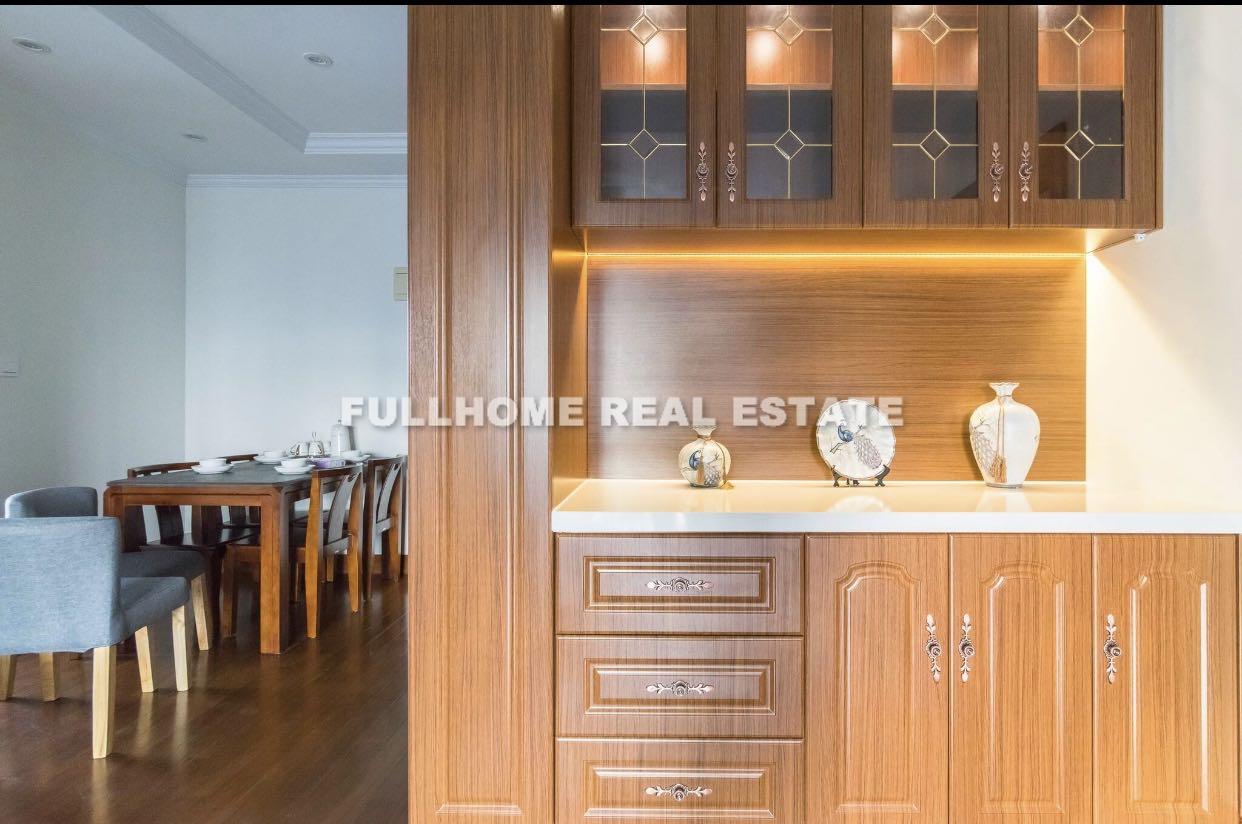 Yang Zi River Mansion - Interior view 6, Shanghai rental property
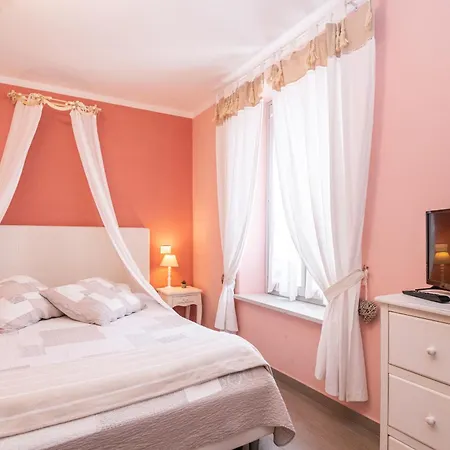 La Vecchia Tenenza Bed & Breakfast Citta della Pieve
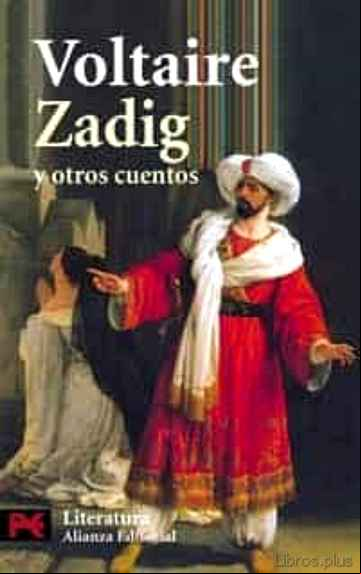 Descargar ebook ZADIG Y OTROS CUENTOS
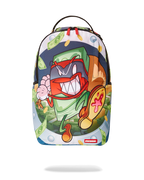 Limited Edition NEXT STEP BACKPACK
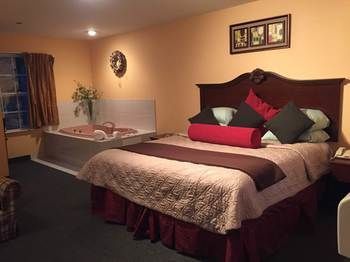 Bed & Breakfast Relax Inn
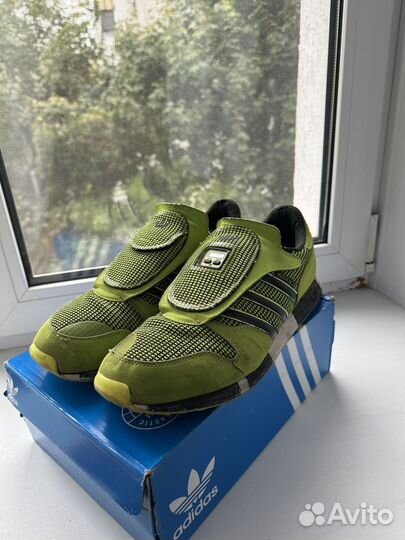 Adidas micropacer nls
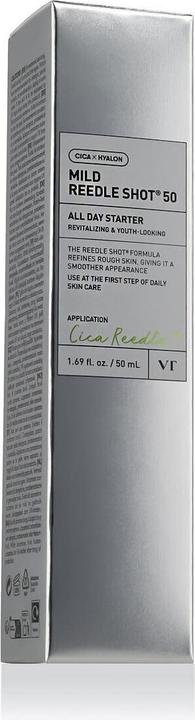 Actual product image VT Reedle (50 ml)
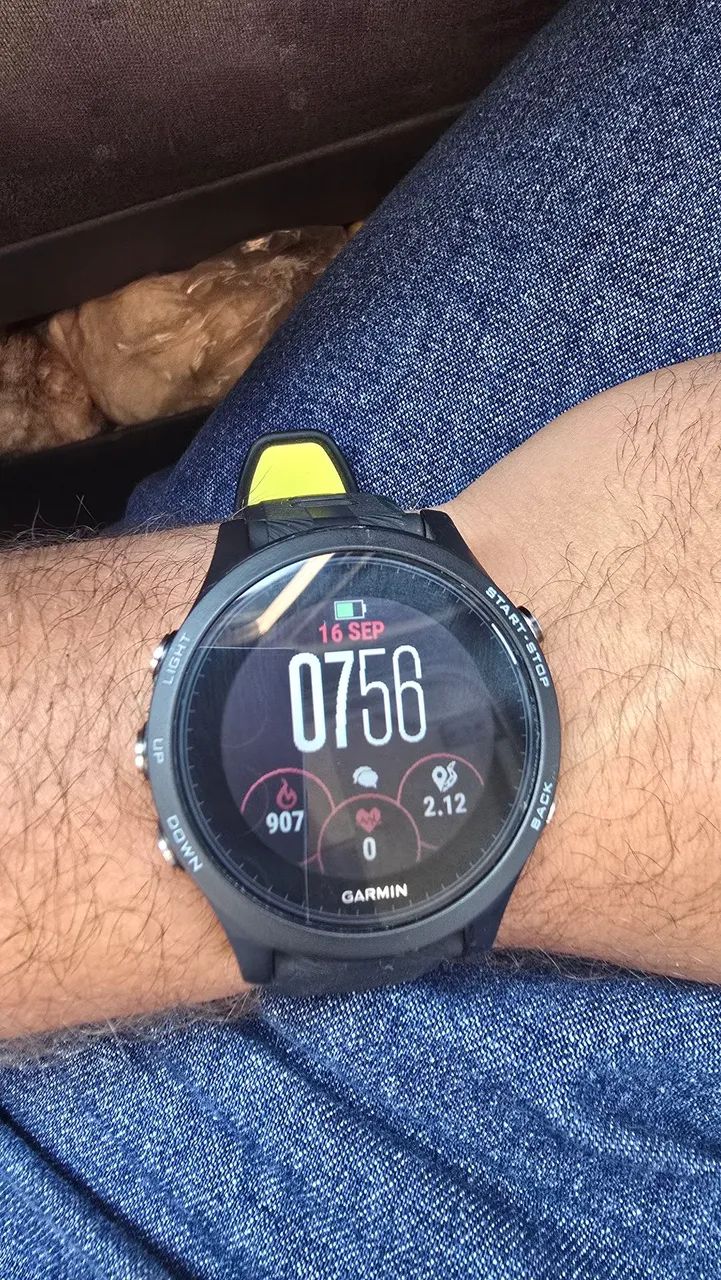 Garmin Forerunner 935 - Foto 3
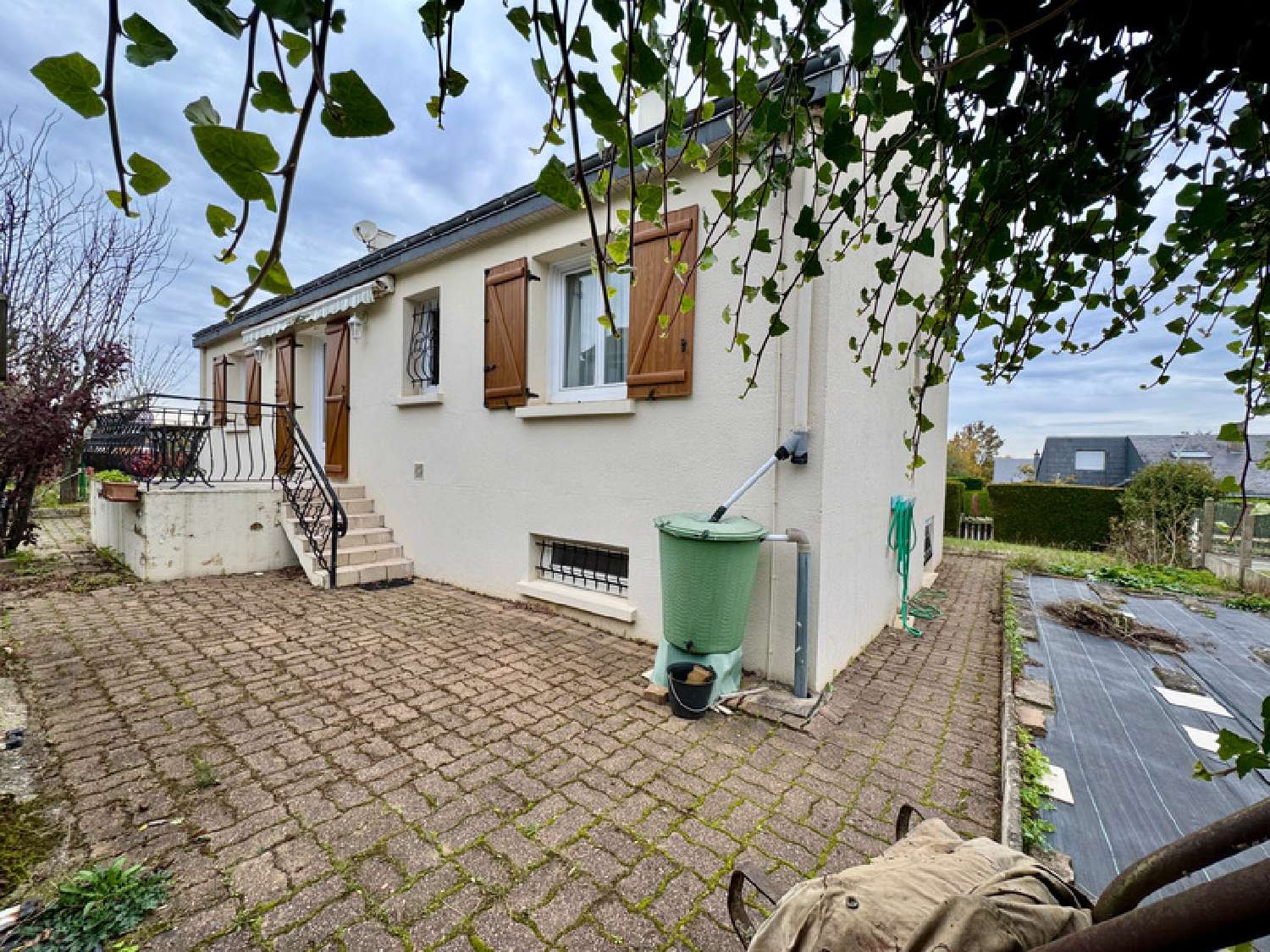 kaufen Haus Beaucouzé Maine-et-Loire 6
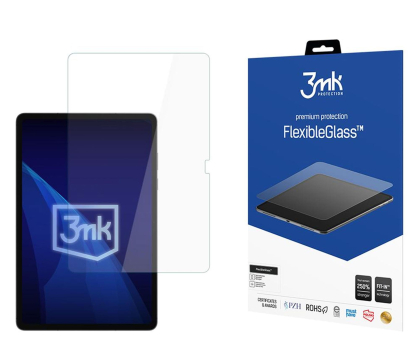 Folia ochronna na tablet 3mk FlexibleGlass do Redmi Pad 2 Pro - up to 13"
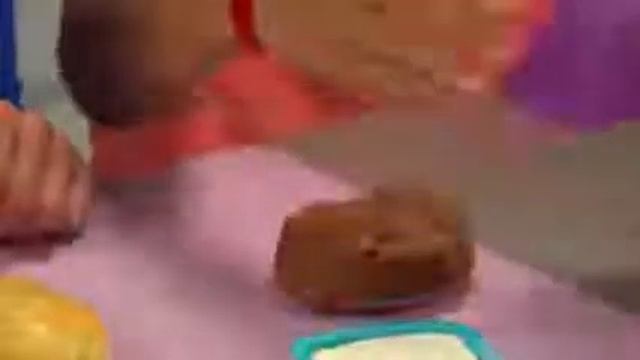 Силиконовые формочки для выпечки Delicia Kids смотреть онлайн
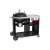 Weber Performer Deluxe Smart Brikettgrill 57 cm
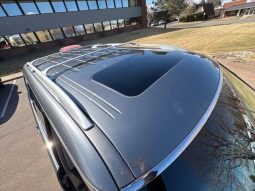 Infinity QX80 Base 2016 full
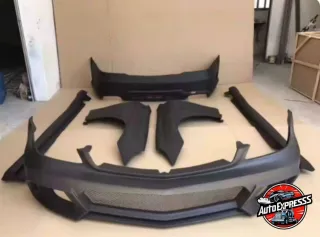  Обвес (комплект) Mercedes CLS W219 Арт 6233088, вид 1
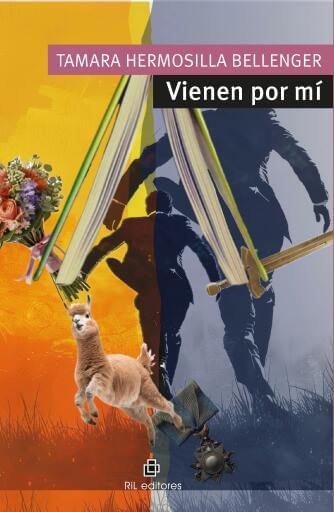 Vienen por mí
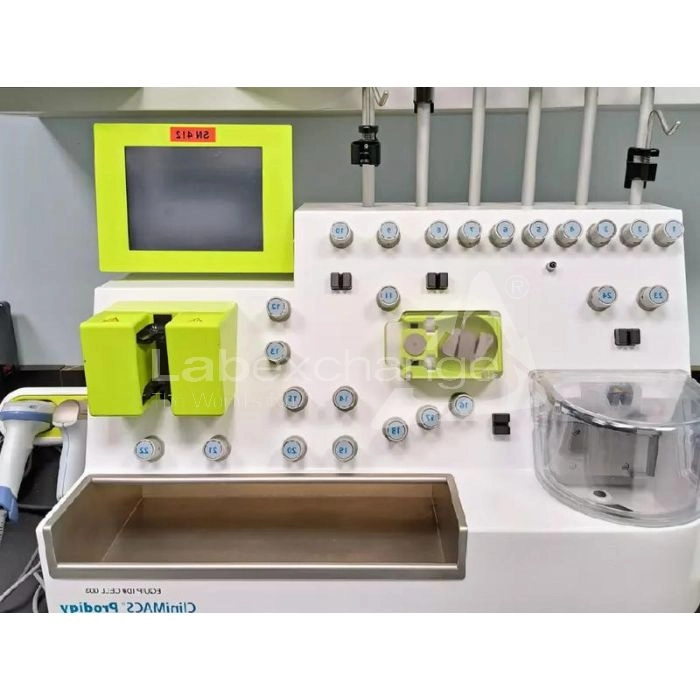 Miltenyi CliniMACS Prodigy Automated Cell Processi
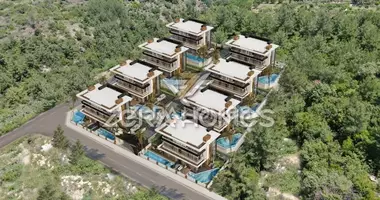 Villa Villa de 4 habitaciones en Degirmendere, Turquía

· · · ·

Copy the lines above between the one holding "Descargar ebook ZADIG Y OTROS CUENTOS" and the one holding "Силиконовые формочки для", inclusive. Drop the pictures.

 Descargar ebook ZADIG Y OTROS CUENTOS
 Limited Edition NEXT STEP BACKPACK
 Bed & Breakfast Relax Inn
 Adidas micropacer nls
 Actual product image VT Reedle (50 ml)
 Garmin Forerunner 935 - Foto 3
 kaufen Haus Beaucouzé Maine-et-Loire 6
 Folia ochronna na tablet 3mk FlexibleGlass do Redmi Pad 2 Pro - up to 13"
 Силиконовые формочки для выпечки Delicia Kids смотреть онлайн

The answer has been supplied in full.